After a successful advertising career in Boston and New York, he got an offer from an LA ad firm, moved his family to Manhattan Beach, and began writing screenplays for comedies. And while he made his name by focusing on fun, Crandall's most recent work shows off a more serious side. He wrote, directed, and shot the 2013 film "Free Throw"—a documentary about basketball-playing students at Compton (Calif.) High School—in the space of two weeks.
Crandall's oldest son had played basketball for years with kids from Compton, a city known for gang violence and gangsta rap. "I just thought what sweet young kids they were, and they defied any notions you might have of what kids from Compton might be like," he says.

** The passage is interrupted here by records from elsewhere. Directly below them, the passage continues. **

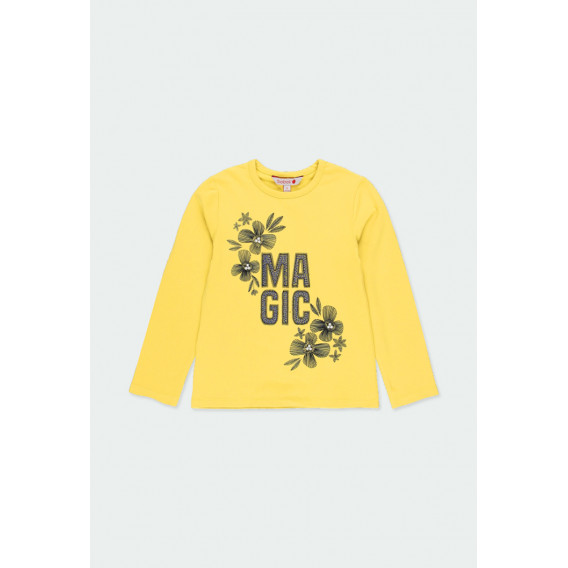 Βαμβακερή μπλούζα με μακριά μανίκια για κορίτσια με επιγραφή και floral σχέδιο, κίτρινο Boboli 185595 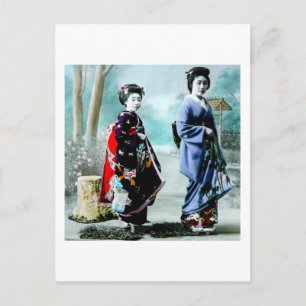 Vintage Geisha und ihre Maiko 芸者 舞妓 Altes Japan Postkarte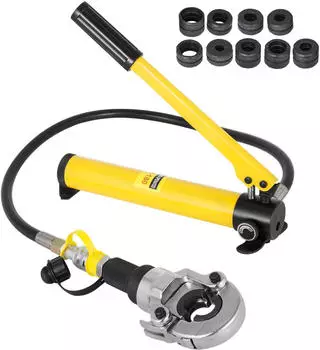 VEVOR Hydraulische Presszange 6T 360° Schwenkkopf, V/TH-Fittings 12-28/16-32mm, 9 Matrizen (Crimpadora Hidráulica)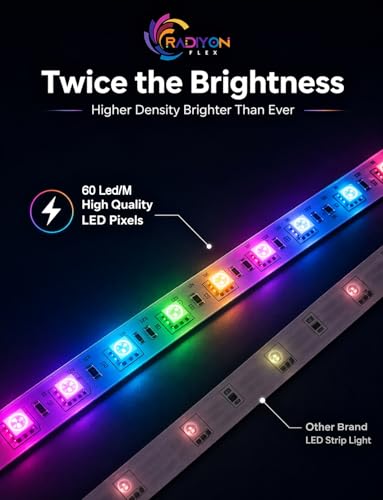 Image of RGBIC LED Strip Lights with App Control & Music Sync, RGB Lights for Gaming Setup, Bedroom & Room Decoration, 140+ Dynamic Modes, 60 LED /m Smart LED Strip (2.5 Meter)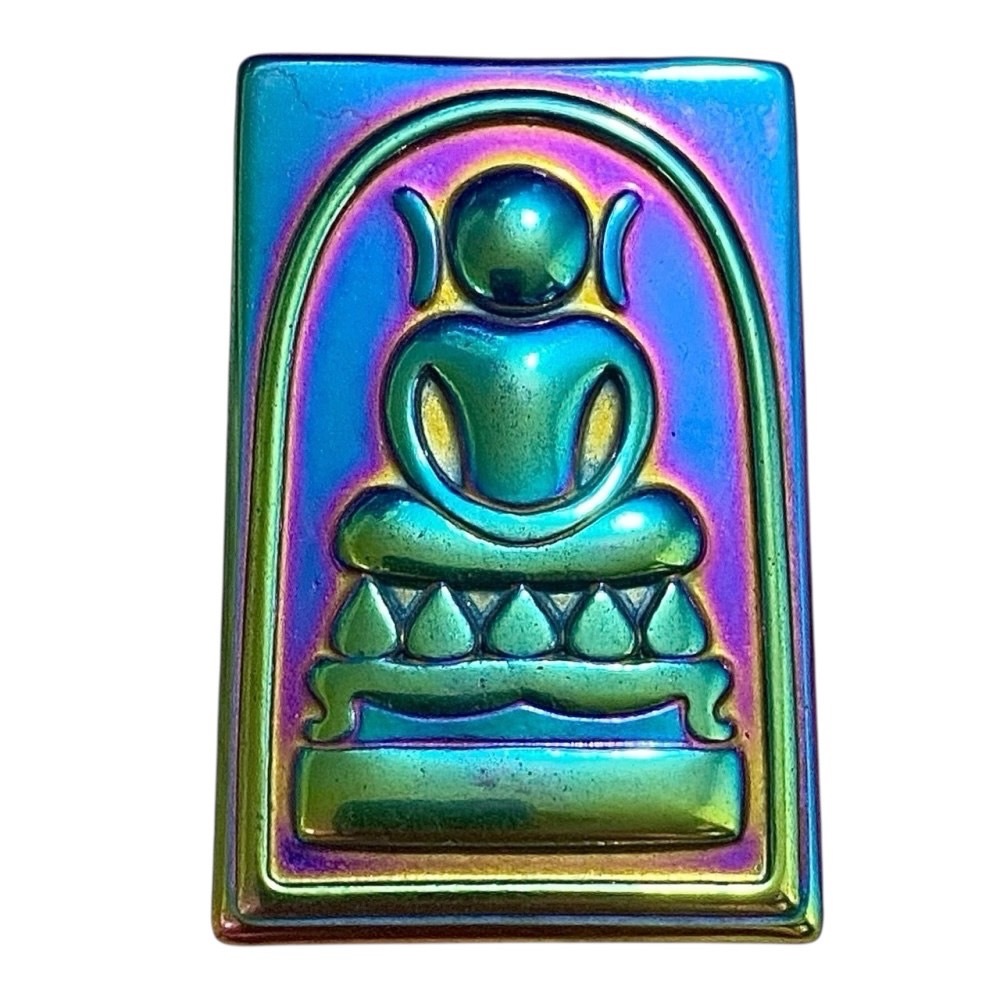 K750 พระสมเด็จ เหล็กไหล พิมพ์ไกเซอร์ 7สี สีรุ้ง ปีกแมลงทับ พระแม่เหล็ก สมเด็จวัดระฆัง ขนาด2.5X4.0 ซม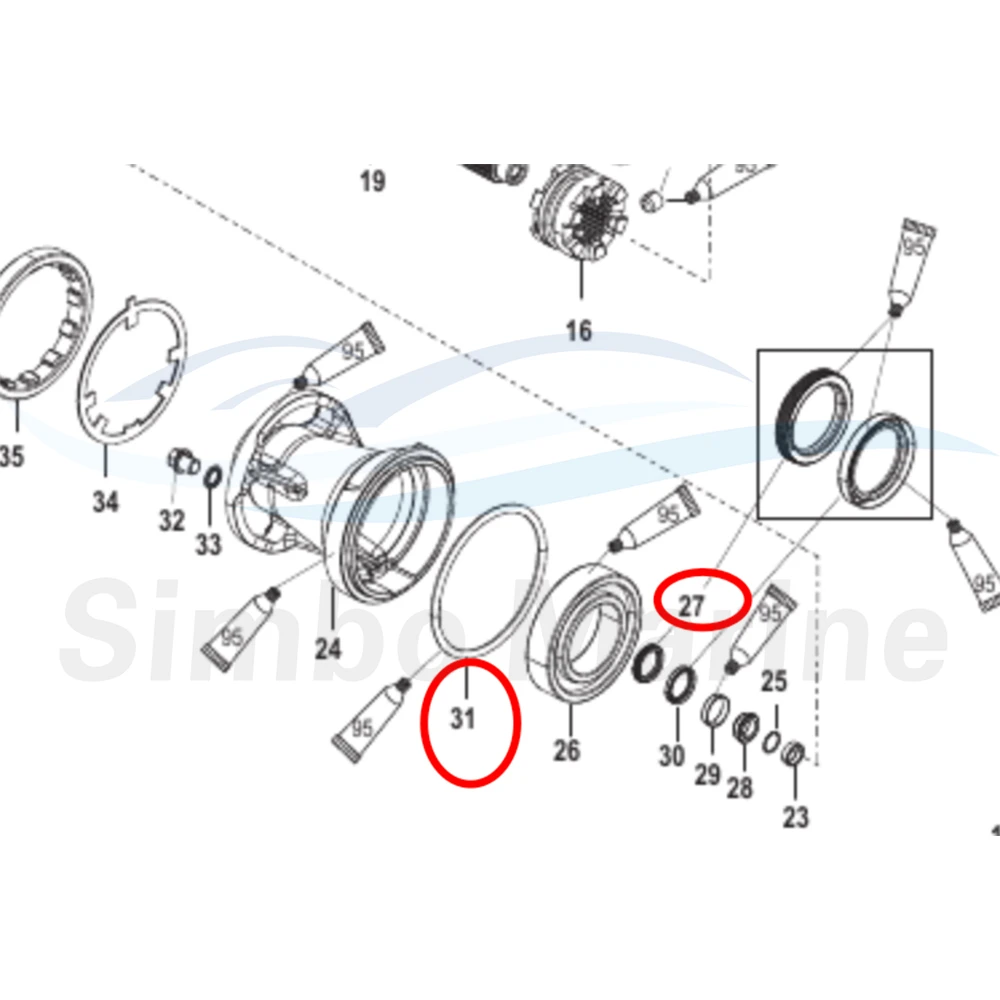 Mercury Marine Lower Unit Seal kit Oil Seal 4-STROKE 135/175 HP 150HP EFI pro 26-888483 896600 8M0204700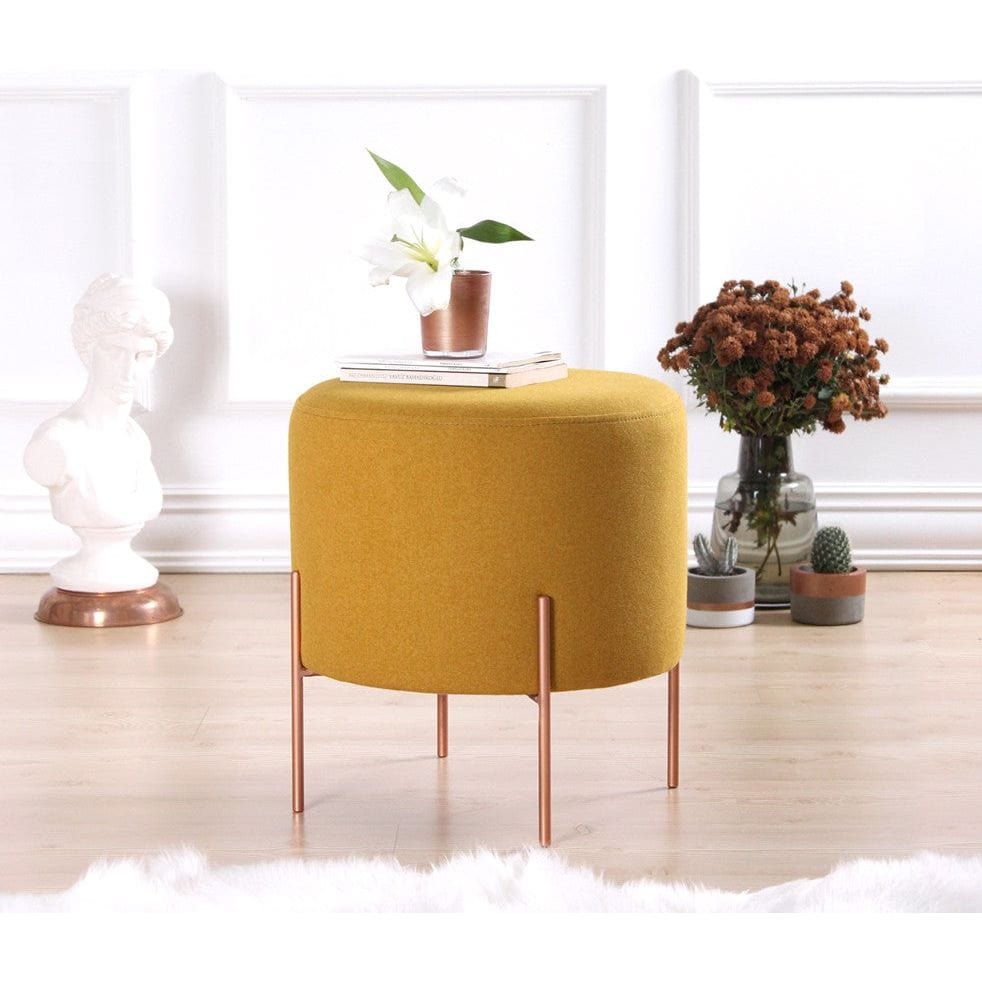 Taburet COPPER 49, galben/cupru, material textil/otel, 40x40x42 cm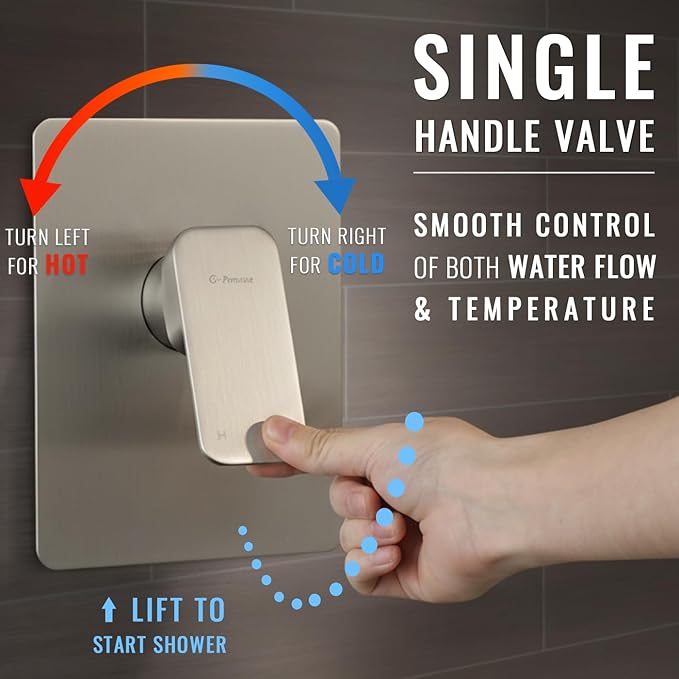 All Metal Shower Faucet Set, Dual Square Shower Head System with Handheld Wand, Diverter, Hose Complete Combo, Pressure Balance Rough-in Valve and Tub Spout Included (Brushed Nickel)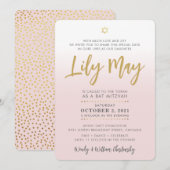 Bat Mitzvah bord roze goud elegant script Kaart (Voorkant / Achterkant)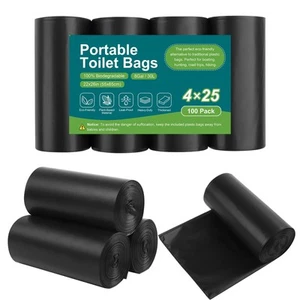 100 Count Biodegradable Portable Toilet Bags for Camping, Hiking, Boating, Ca... - Picture 1 of 8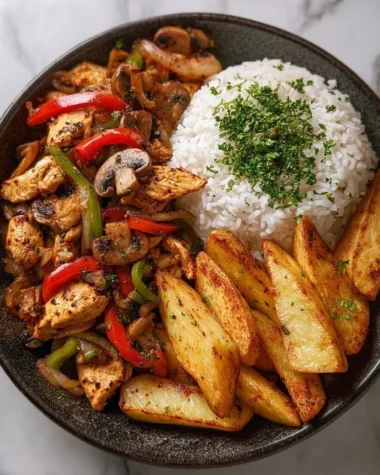 Crispy chicken stir-fry bowl with rice and potato wedges on a plate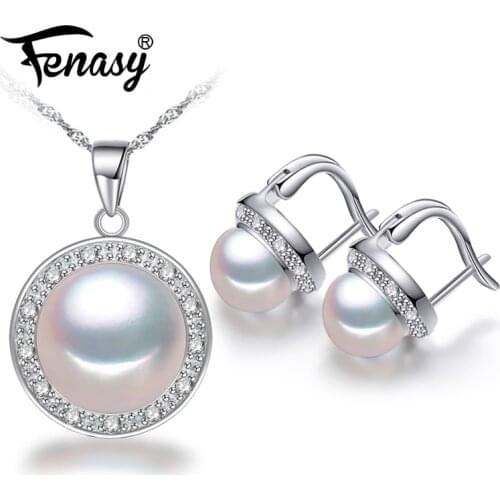 FENASY 925 Sterling Silver Jewelry Sets Natural Freshwater Pearl Pendant Necklaces For Women Party Pearl Earrings Stud Earrings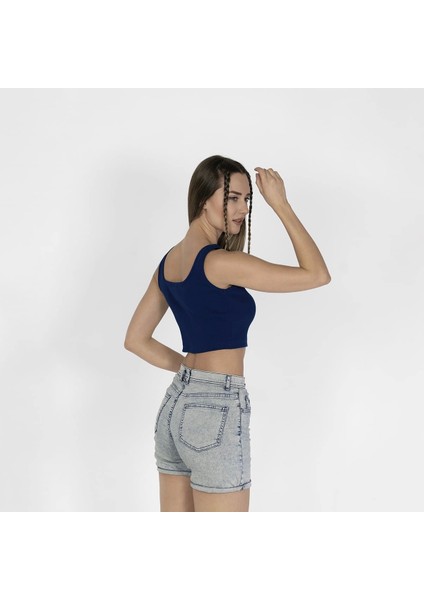 Geniş Askılı Nakışlı Kaşkorse Kadın Lacivert Crop indirimleri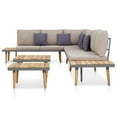 thumbnail image 4 of vidaXL Solid Acacia Wood Garden Lounge Set 4/5/7 Pieces Outdoor Multi Colors, 4 of 6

The film—framed by a free throw contest
Crandall created in which one of eight seniors wins a $40,000 college scholarship—shows the difficulties facing these students, from poverty to violence to pregnancy, and how hard they have worked to qualify for a college education.
Next up for Crandall are a documentary about a man wrongfully imprisoned for 19 years, a comedy set in Maine, and a pilot for a Fox sitcom—supervised by Mike O'Malley '88. "I'm going to keep writing," he says. "I don't know how to do anything else."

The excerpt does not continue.